Strategic Petroleum Reserve Tapped for the First Time in Five Years
With the release of 4.5 million barrels of crude oil, Energy Secretary Perry expects to see just a two-week disruption in gas prices.
On September 1, amid fears of gasoline shortages and rising gas costs in the wake of Harvey, the Department of Energy approved a release of 4.5 million barrels of crude oil from the Strategic Petroleum Reserve. This is the first emergency withdrawal from the reserve in five years. The most recent emergency drawdown, in 2012, was in response to another hurricane, Isaac.
Was the release warranted? There’s no doubt that Harvey had a massive impact on supply: at the time of the ordered release, 22 percent of U.S. refining capacity was offline because of the hurricane, and Gulf of Mexico oil production was down 13 percent. The effects of these shutdowns loomed beyond the Texas economy: as the refineries and crude-producing sites shuttered and supply dropped, the Colonial Pipeline, which transports gasoline between Houston and the East Coast closed as well (because it lacked the volume of gasoline to keep it flowing). Gas prices soared nationwide, and currently remain at their highest for the year. In Texas, the average cost of a gallon rose 37.2 cents over last month’s average, according to GasBuddy.
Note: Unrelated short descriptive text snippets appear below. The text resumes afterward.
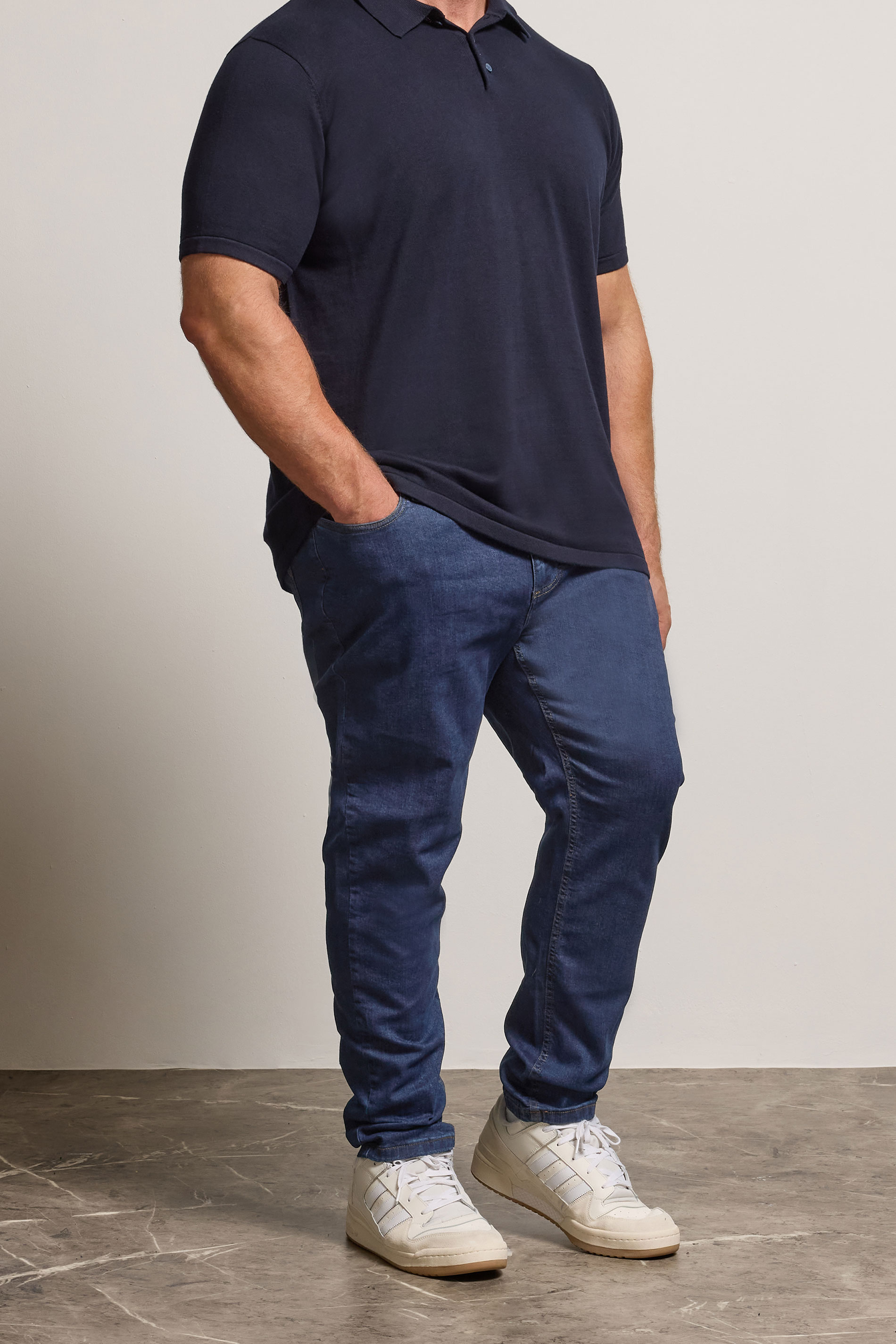 BadRhino Big & Tall Indigo Blue Tapered Fit Stretch Jeans | BadRhino 2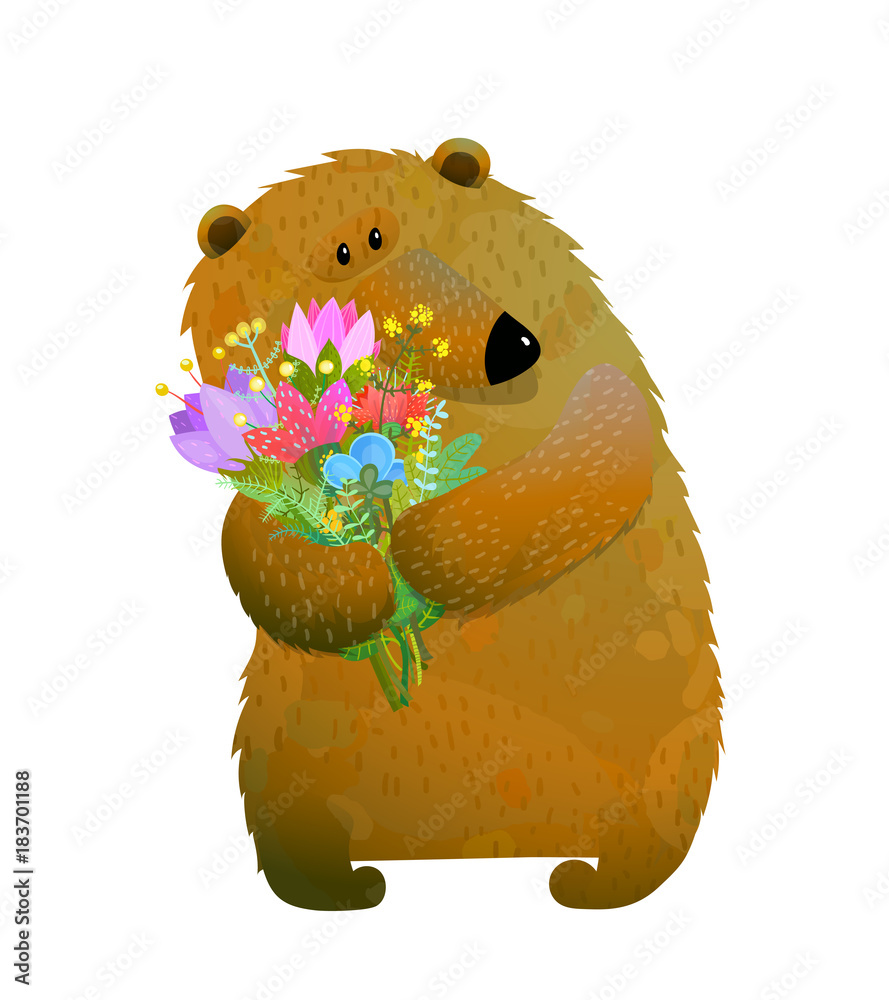 Obraz premium Isolated wild bear with flowers. Vector illustration.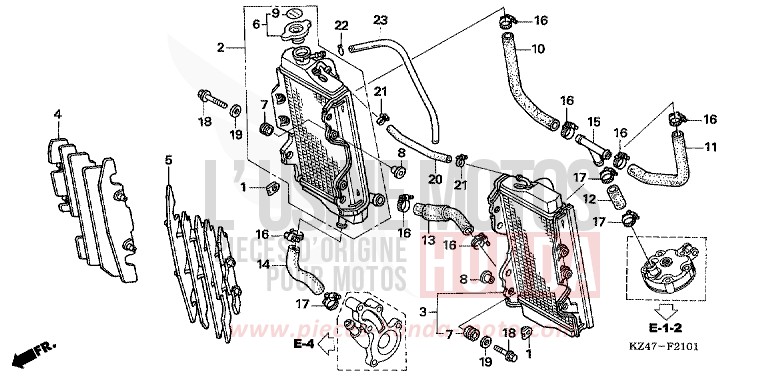 KUEHLER (CR125R5-7) von CR125R EXTREME RED (R292) von 2006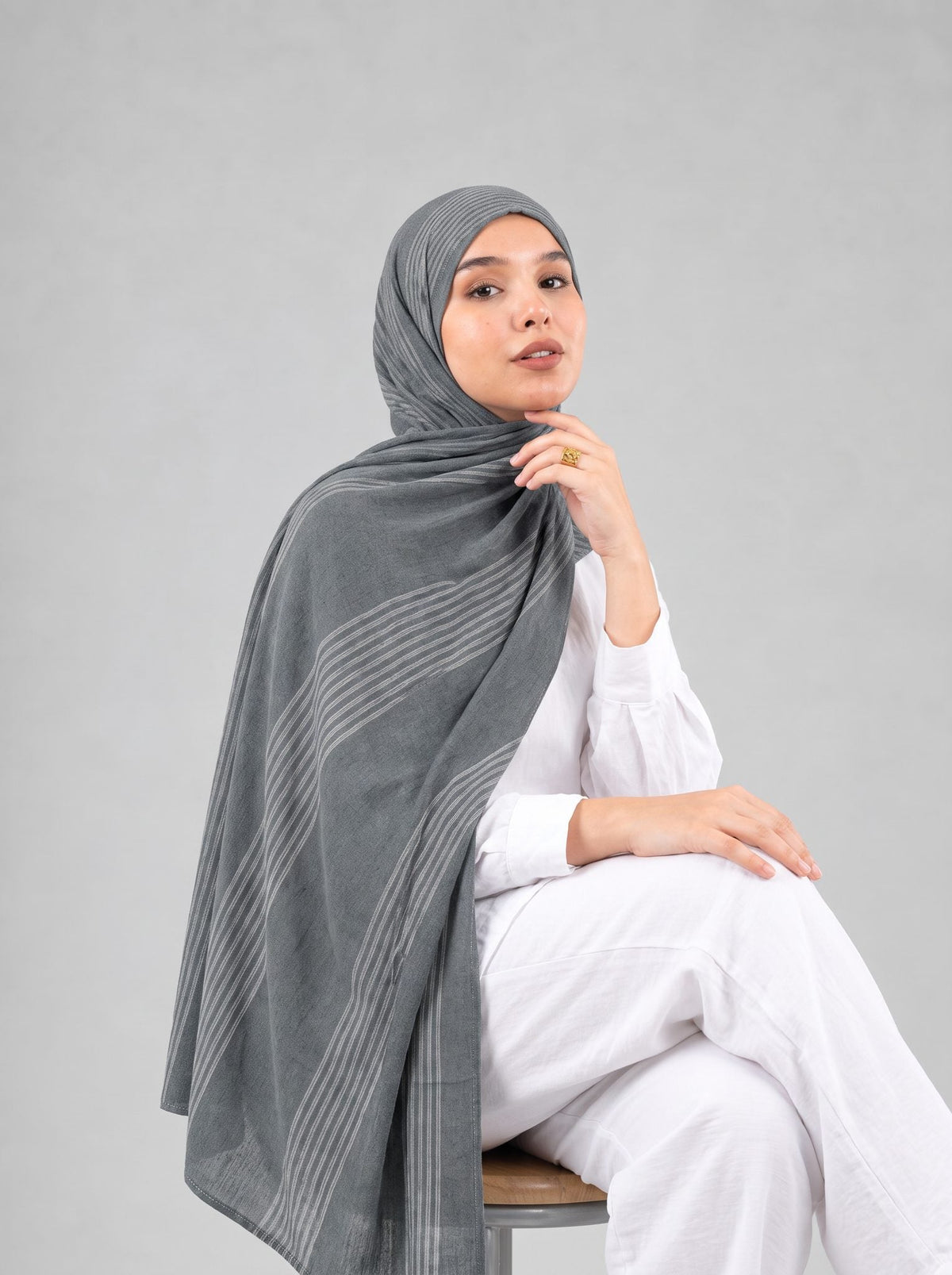 Cotton Stripe Border Kuwaiti Scarf in Grey #Color_Grey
It’s possible that we’ve now reached the end of climbing prices. Gulf Coast refineries are restarting processes, with almost all resuming production as of Friday, September 8, and Energy Secretary Rick Perry told Bloomberg that he expected only “two-week bump” in prices from the hurricane.
The reserve, located in four salt caverns in Texas and Louisiana, holds the largest supply of emergency crude oil in the world. Established in 1975 by the federal government to mitigate oil import stoppages and as an instrument in foreign policy, the reserve has been used less frequently in the past decade for import cutoffs and more often for recovery in the wake of natural disasters. In a statement in May, the White House called it “a strategic and economic security against foreign and domestic disruptions in oil supplies.”
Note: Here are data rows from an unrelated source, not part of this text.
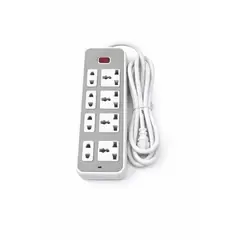 GENERICO - Enchufe Tomacorriente 8 Entradas Universal Cable Largo Interruptor Luminoso Alta Resistencia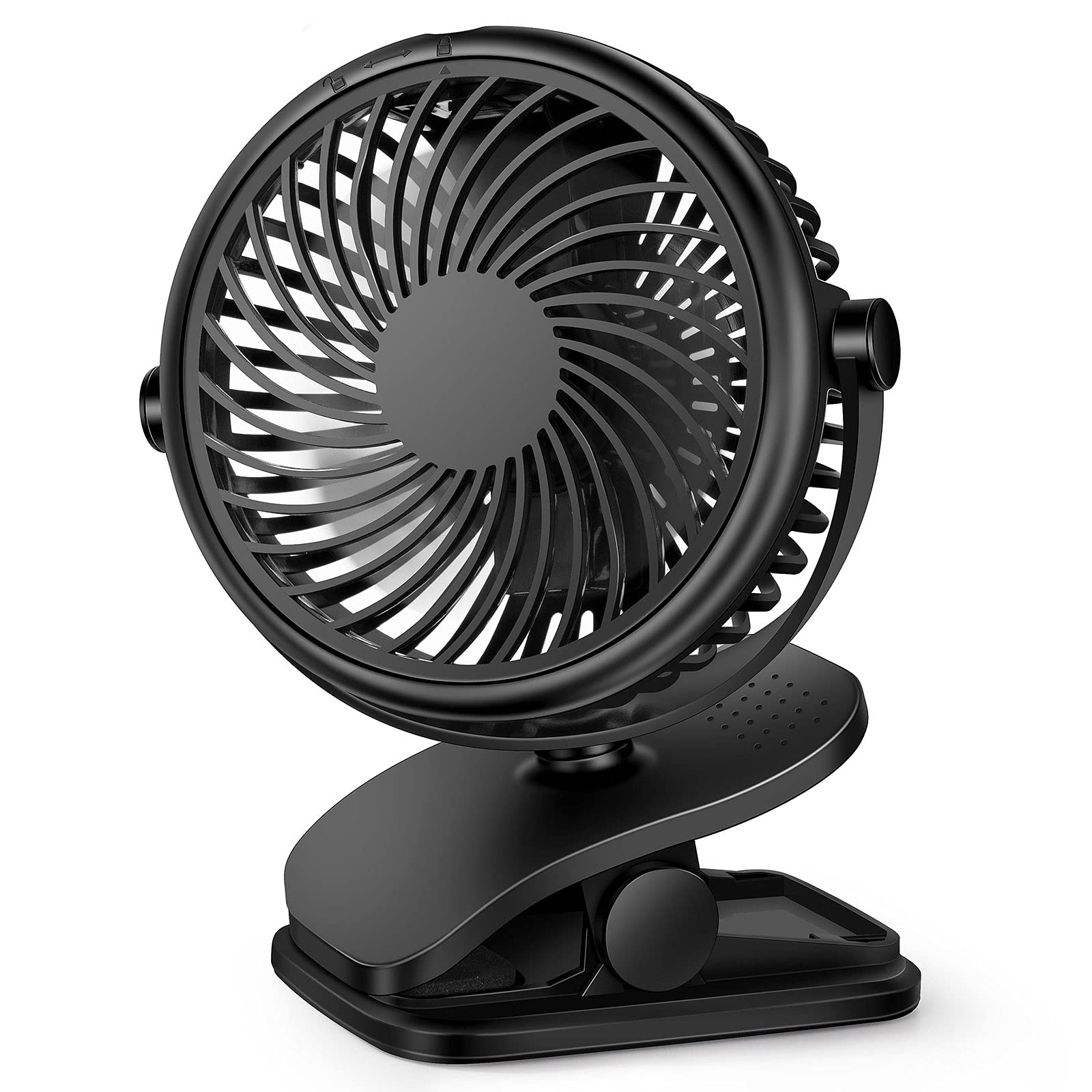 Desk Fan Clip On Fan for Pram, USB Stroller Fan, Rechargeable Portable Table Fans, Personal Desktop Fans with Battery Operated 360° Rotated for Baby PushChairs Bed Office Camping, Holiday Essential
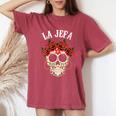 La Jefa Sugar Skullêtements Mexicain Dia De Los Muertos Dead T-shirt oversize confortable pour femme Crimson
The Trump administration proposed to sell off half the Strategic Petroleum Reserve in its 2018 budget. “A smaller SPR is projected to be able to continue to meet international obligations and emergency needs,” the White House stated in a budget document in May. The proceeds from the sale, the administration expects, could reduce the federal deficit by $16.6 billion over the next decade.